Each morning was greeted with my own version of a Sun Salute. Surrounded by the things that inspired me; pebbles, feathers, pressed leaves and pond green pictures, it’s here I met yoga. First year uni taught me a lot, and looking back it wasn’t the lectures that stayed with me. Here’s a few things I’ve learned from my relationship with yoga…
- Be small & brave – Sometimes having a good cry in Child’s Pose is just the right yoga for today. Giving yourself space to feel takes courage.
- Be big – Sometimes a spontaneous and strong yoga session in the bush after a big walk is just the right yoga for today. Doing yoga as the moment arises feels amazing, committing to a routine is just one way to get to know yoga.
- Be simple – uncomplicated, short and frequent yoga is often better than the occasional long ‘yoga binge’ session.
- Be authentic – The only way to know what is authentic is to listen. Copying the person next to you in a yoga class isn’t really yoga – it’s stretching. Listening and focusing on your own breath, body & mind cultivates real juicy supportive yoga.
- Just turn up – if you don’t really feel like doing your yoga session, just turn up to your mat and see what happens.
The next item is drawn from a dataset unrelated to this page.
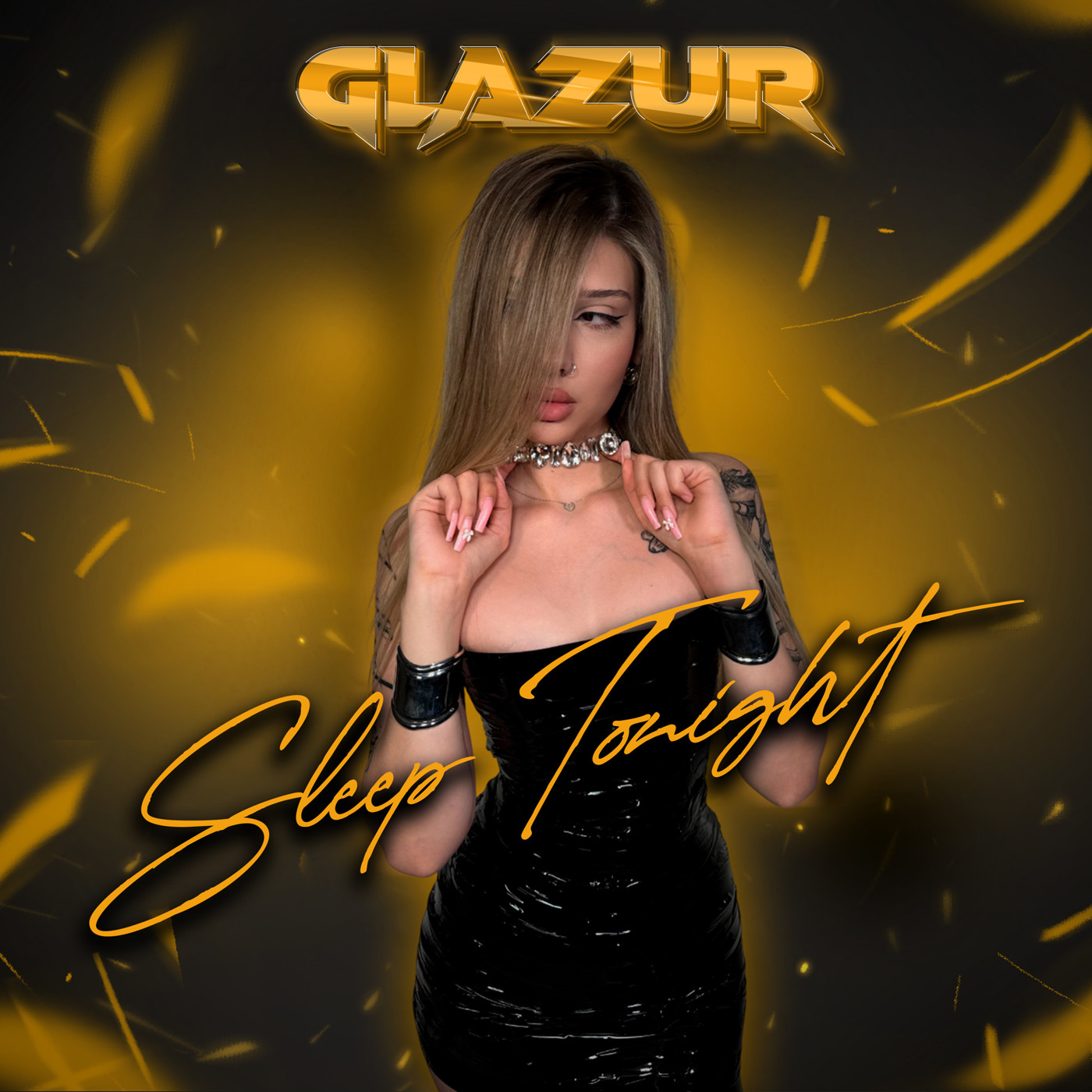 Glazur - Sleep Tonight (Extended Mix)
Or try again tomorrow.
- No-one cares about your hamstrings – flexibility is lovely, it really is, but moving with your body’s changing needs and being ‘internally’ flexible will take you further in life than touching your toes.
- Venture off your mat – try yoga outside after your walk, in the car or nip off to the ladies for a few stilling breaths. Many times I’ve stood supported by grounding Tree Pose in the bathroom before a meeting, a park to nurse my broken heart and under the lights of a yoga class. Yoga isn’t bound by the edges of your mat.
- Take a peek at your relationships – one of my teachers told me, ‘if you want to know how your yoga practice is going, take a look at your relationships’. Our relationship with ourselves and others plays out in the microcosm of our yoga practice. I also think it flows the other way too. Listening, practicing kindness and being realistic with yourself through yoga, helps foster these qualities in your relationships.
- Have a sense of humor – my teacher Marian would remind me, ‘don’t take it all too seriously, it’s only yoga’. How refreshing to just enjoy something wonderful, without the weight of expectation. With practice, maybe we can apply this to life too.
I love teaching pregnancy yoga, it’s such a special and sometimes challenging time. I find yoga can be a very nourishing touch stone of balance, both for mum and baby.